The problem:
Among the records below, find the line with "Dubai building at night" and the line with "Duck With Flowers 2 Art Print". Set down both and every line between, exactly and with no pictures, but nothing else.

Data to process:
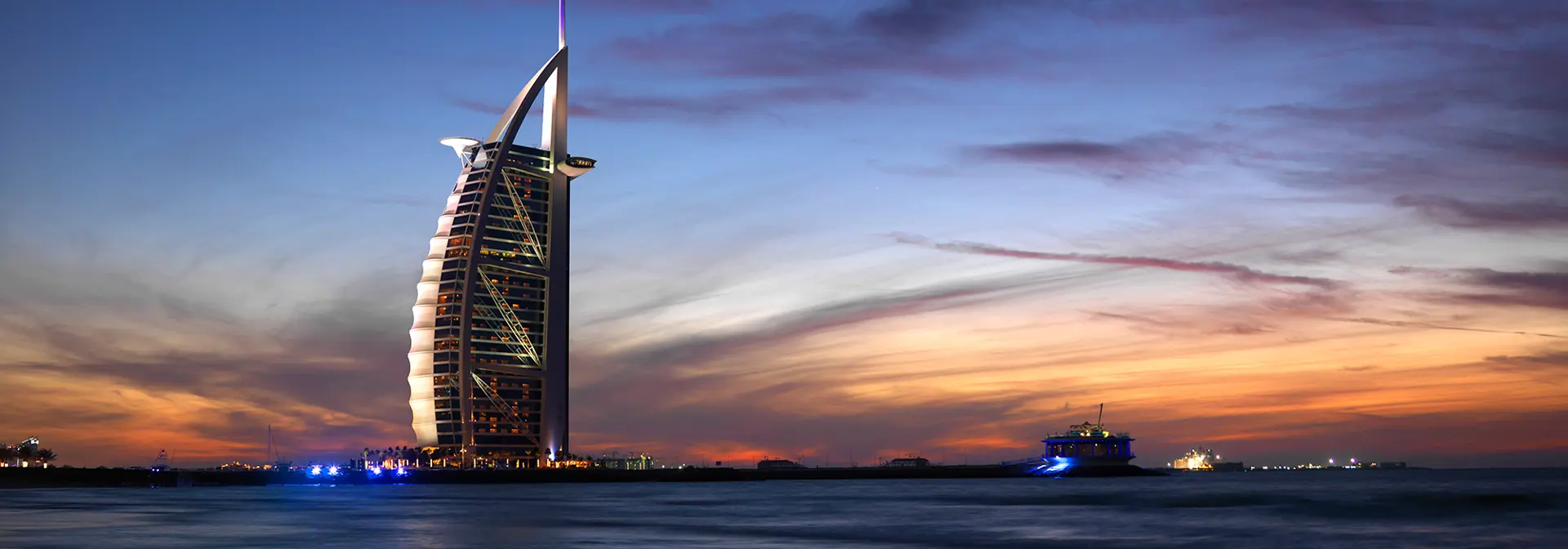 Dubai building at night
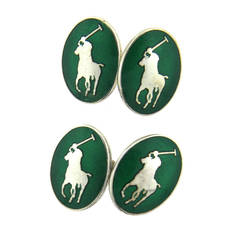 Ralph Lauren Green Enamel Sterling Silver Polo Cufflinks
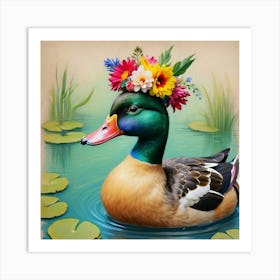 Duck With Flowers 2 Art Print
--
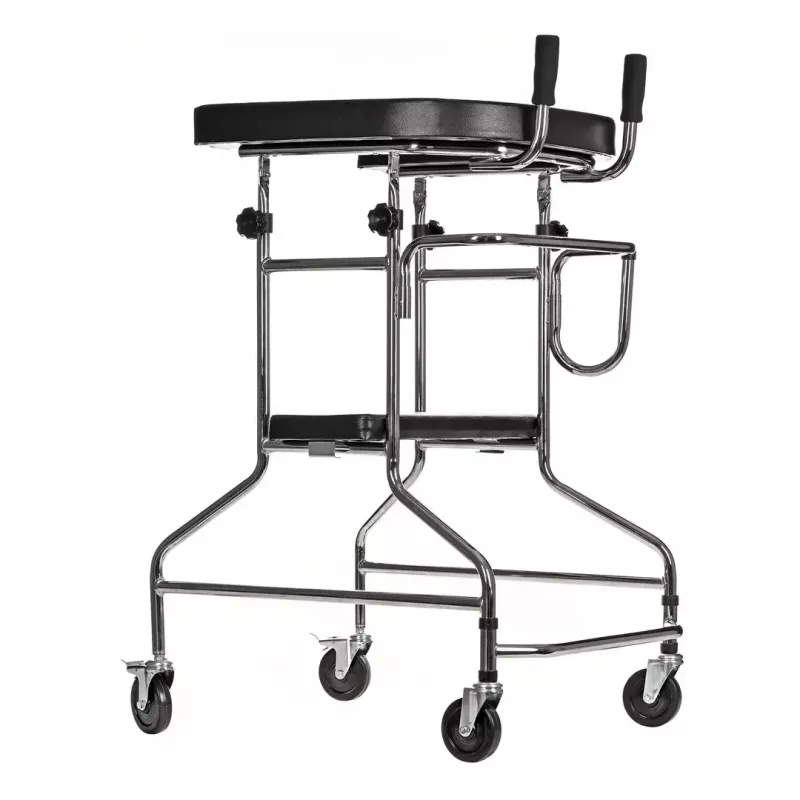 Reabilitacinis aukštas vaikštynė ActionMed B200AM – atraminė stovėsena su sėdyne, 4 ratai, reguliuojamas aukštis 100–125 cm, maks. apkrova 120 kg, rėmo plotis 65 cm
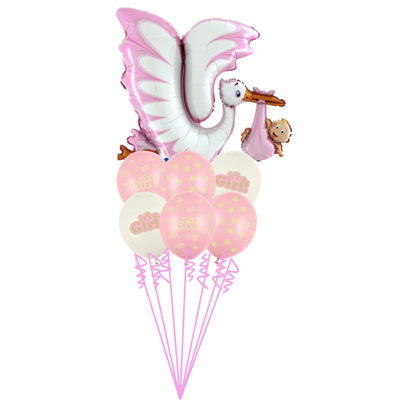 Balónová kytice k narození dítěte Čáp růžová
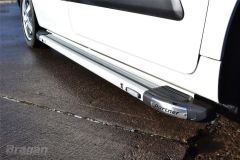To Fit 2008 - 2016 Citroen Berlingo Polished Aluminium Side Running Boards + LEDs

Completed task:
 Dubai building at night
 Ralph Lauren Green Enamel Sterling Silver Polo Cufflinks
 Duck With Flowers 2 Art Print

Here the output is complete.